When John Boehner gave his speech the the Economic Club of Washington, DC, he distilled the Republican dogma of the last 80 years into the catechism: 1/ The problem is the government 2/ The people, that is the businessmen will lead us out of our economic miseries by creating jobs, innovating and riding on on horseback.

The problem with his economic analysis is the problem with economics, which has been called "The Dismal Science" as a proposition: Economics is not a science at all.

In science, you propose a hypothesis: e.g., Government cannot create jobs. And then you test that hypothesis with an experiment. And then you publish your results so everyone can see how exactly you did your experiment and everyone argues about it until the next trial.

But economics does not have laboratories; about the only things economics has is history (which is one long argument) and mathematical models, which stupefy most people and which lend some credibility to economics as a learned profession, because, after all, they have all those numbers.


The closest thing we've got to a laboratory in economics is an individual state, like say, Michigan, where they can try ideas out and see how they work.
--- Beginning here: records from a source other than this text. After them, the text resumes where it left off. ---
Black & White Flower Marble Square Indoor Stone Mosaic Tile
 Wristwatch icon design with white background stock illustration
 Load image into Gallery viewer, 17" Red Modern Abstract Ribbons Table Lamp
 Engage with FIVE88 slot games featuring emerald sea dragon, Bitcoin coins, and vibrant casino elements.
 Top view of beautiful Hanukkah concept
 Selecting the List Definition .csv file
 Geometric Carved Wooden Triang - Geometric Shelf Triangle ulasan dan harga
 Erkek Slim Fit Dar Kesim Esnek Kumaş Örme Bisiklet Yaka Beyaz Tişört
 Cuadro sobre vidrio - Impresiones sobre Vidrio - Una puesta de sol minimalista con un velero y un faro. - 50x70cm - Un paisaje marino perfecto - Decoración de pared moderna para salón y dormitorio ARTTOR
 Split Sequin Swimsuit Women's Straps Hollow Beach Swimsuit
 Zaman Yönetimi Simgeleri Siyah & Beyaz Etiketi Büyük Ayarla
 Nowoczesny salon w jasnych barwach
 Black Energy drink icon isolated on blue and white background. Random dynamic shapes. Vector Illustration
Of course, if the idea doesn't work in Michigan, you can say, well that's just an isolated state with all sorts of problems peculiar to Michigan, and just because the idea didn't work there doesn't mean it won't work in say, Texas.

But it's the closest thing we've got to a laboratory.

Now Jennifer Granholm, former governor of Michigan has published her report on how she responded to the economic crisis in that state when she was governor: She cut taxes, cut spending, cut government jobs. And what were the results of her experiment? "We did everything that people would want us to do, and yet it didn't work. Laissez-faire, passivity, tax cuts, hands-off does not work. And, really that's the lesson from this laboratory of democracy which is Michigan."

About the only thing that helped was when the federal government stepped in and bailed out General Motors--which the Republicans in their typically snide, cynical way, immediately dubbed, "Government Motors."

Of course, the Republicans say the reason cutting taxes didn't work was she didn't cut them enough.

Dismal science indeed. Not much science. But pretty dismal.